■ **Data records**:
↓

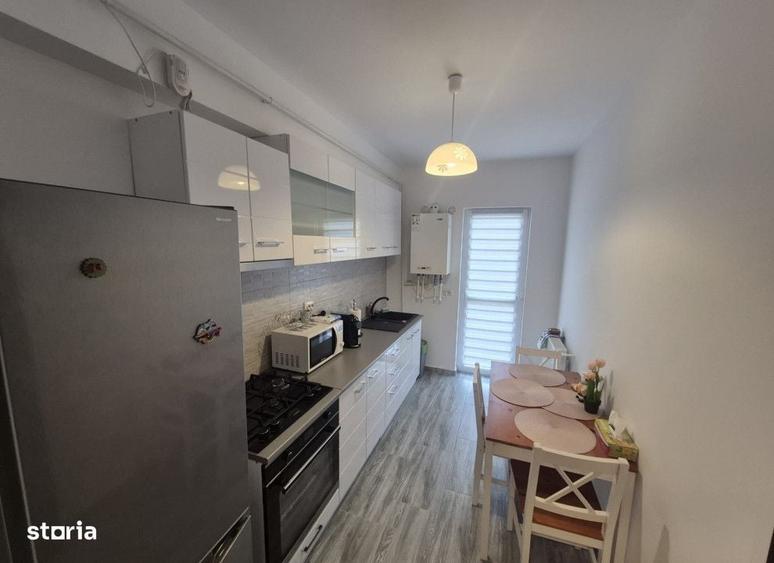 Apartament cu 3 camere în Rediu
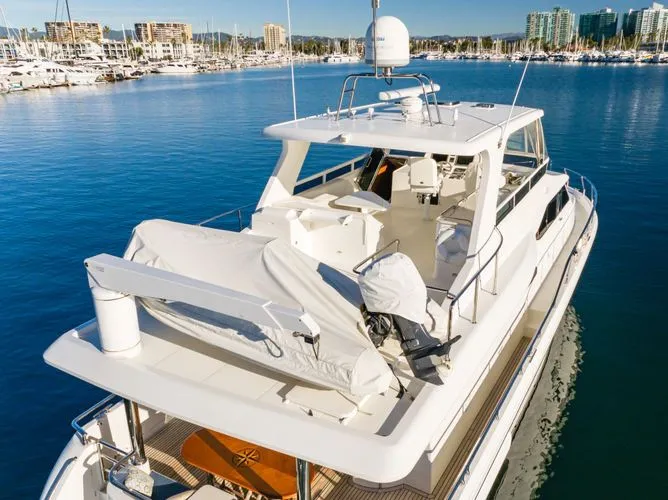 Slide: The Image of 2011 Hampton 620 Pilothouse - Image 7 - 7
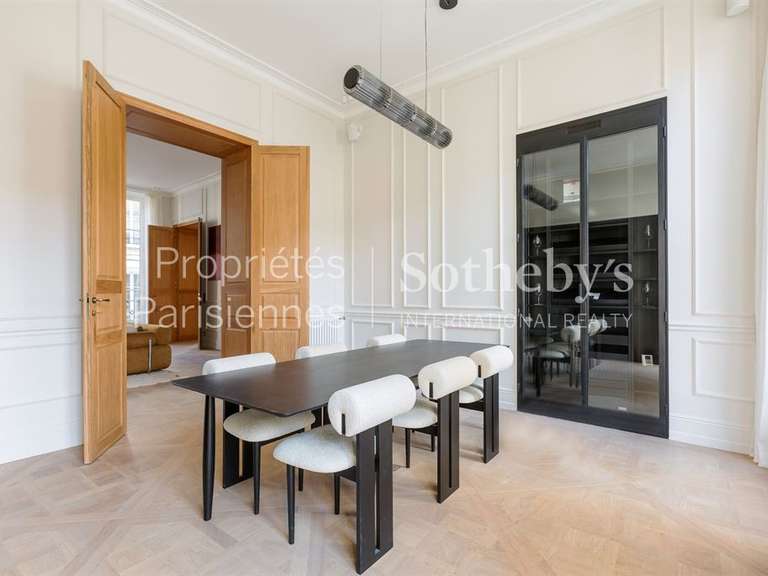 Appartement Paris 6e - 2 chambres - 181m²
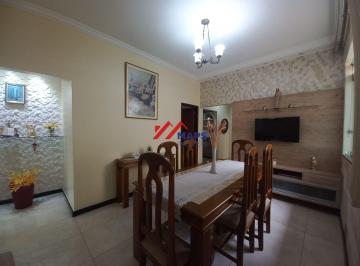 Casa · 251m² · 4 Quartos · 6 Vagas · Casa com quatro quartos, duas suítes, seis vagas de garagem no bairro Jardim Alvorada - Belo Horizon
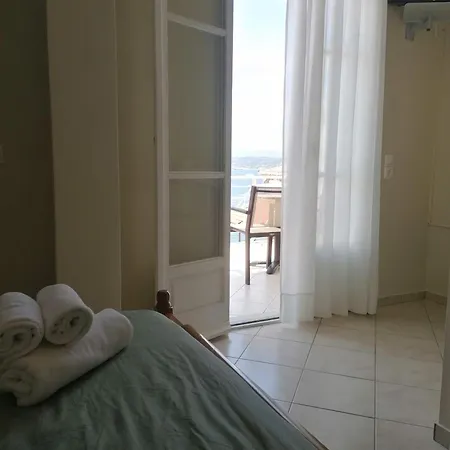 Apart-hotel Ta Adelfia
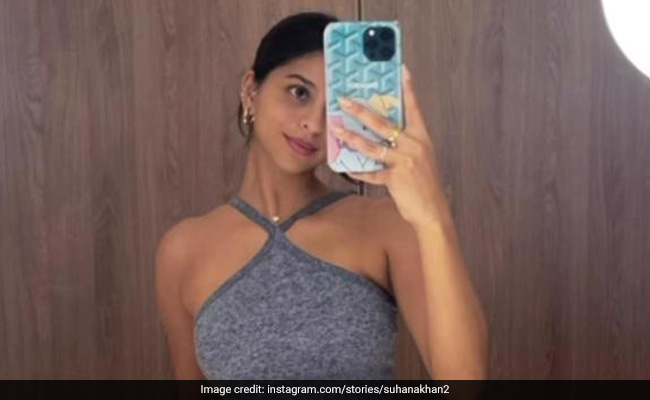 सुहाना खान क्रॉप टॉप पहन यूं सेल्फी लेती आईं नजर, वायरल हुई शाहरुख खान की बेटी की Photos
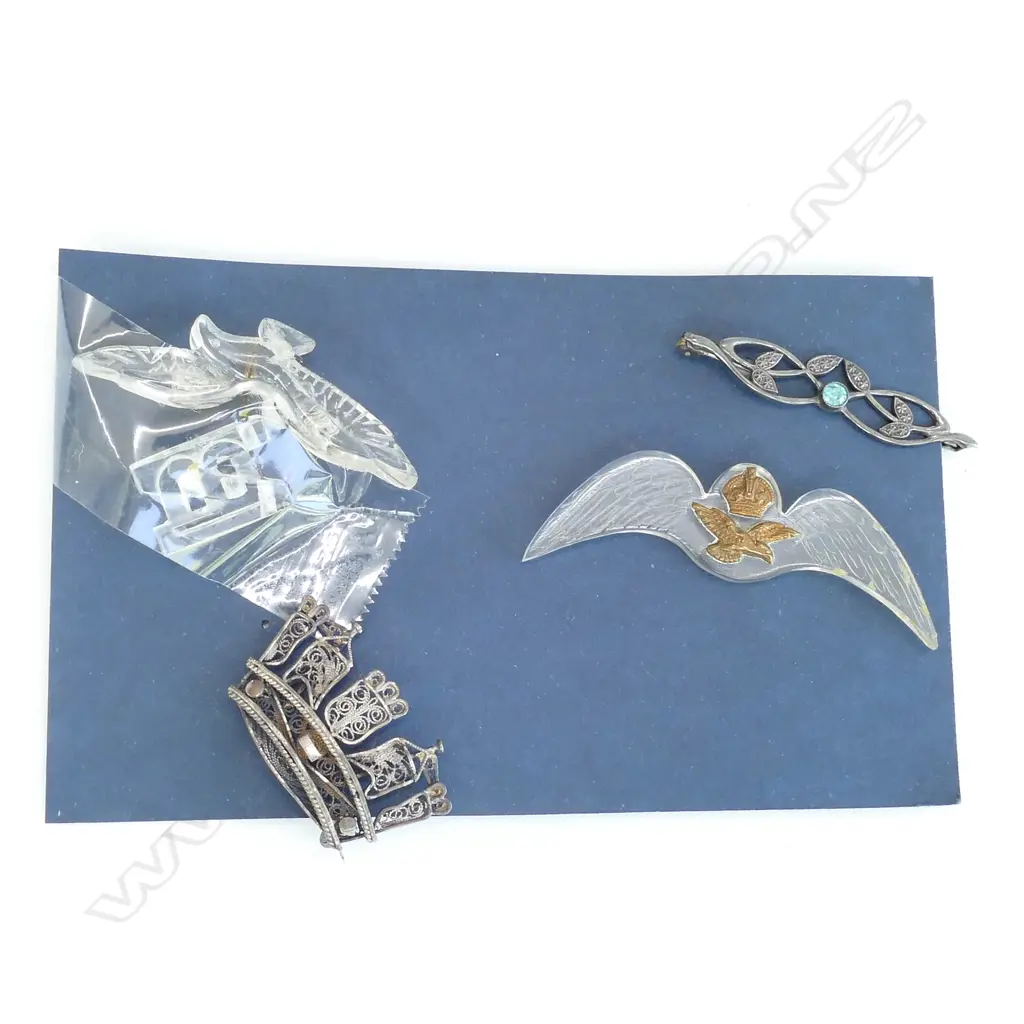 4 PCES ASST JEWELRY; 2 EAGLES AND 2 SILVER BROOCHES Image 1++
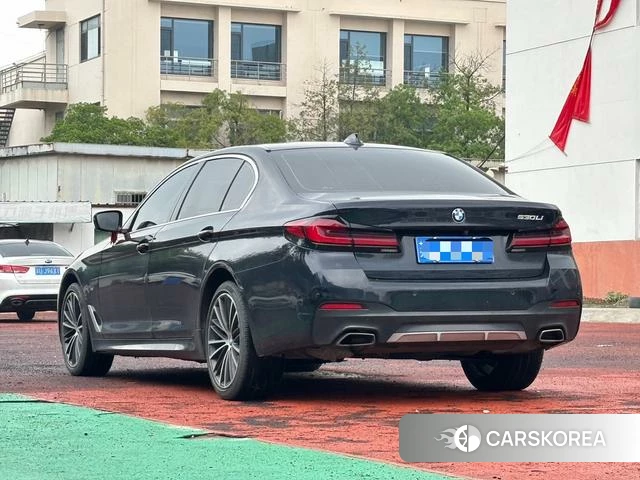 BMW 5 series 2022 Черный из Китая, фото 2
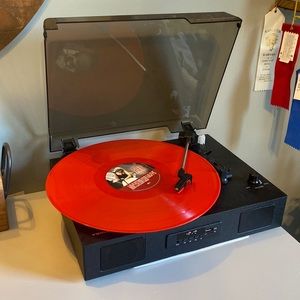 Red taylor swift vinyl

↑

■ **Problem description**:
Pictures excluded, print only the lines from the one with "Appartement Paris 6e - 2 chambres - 181m²" through the end of the entries above, exactly as written.

■ **Your response**:
 Appartement Paris 6e - 2 chambres - 181m²
 Casa · 251m² · 4 Quartos · 6 Vagas · Casa com quatro quartos, duas suítes, seis vagas de garagem no bairro Jardim Alvorada - Belo Horizon
 Apart-hotel Ta Adelfia
 सुहाना खान क्रॉप टॉप पहन यूं सेल्फी लेती आईं नजर, वायरल हुई शाहरुख खान की बेटी की Photos
 4 PCES ASST JEWELRY; 2 EAGLES AND 2 SILVER BROOCHES Image 1++
 BMW 5 series 2022 Черный из Китая, фото 2
 Red taylor swift vinyl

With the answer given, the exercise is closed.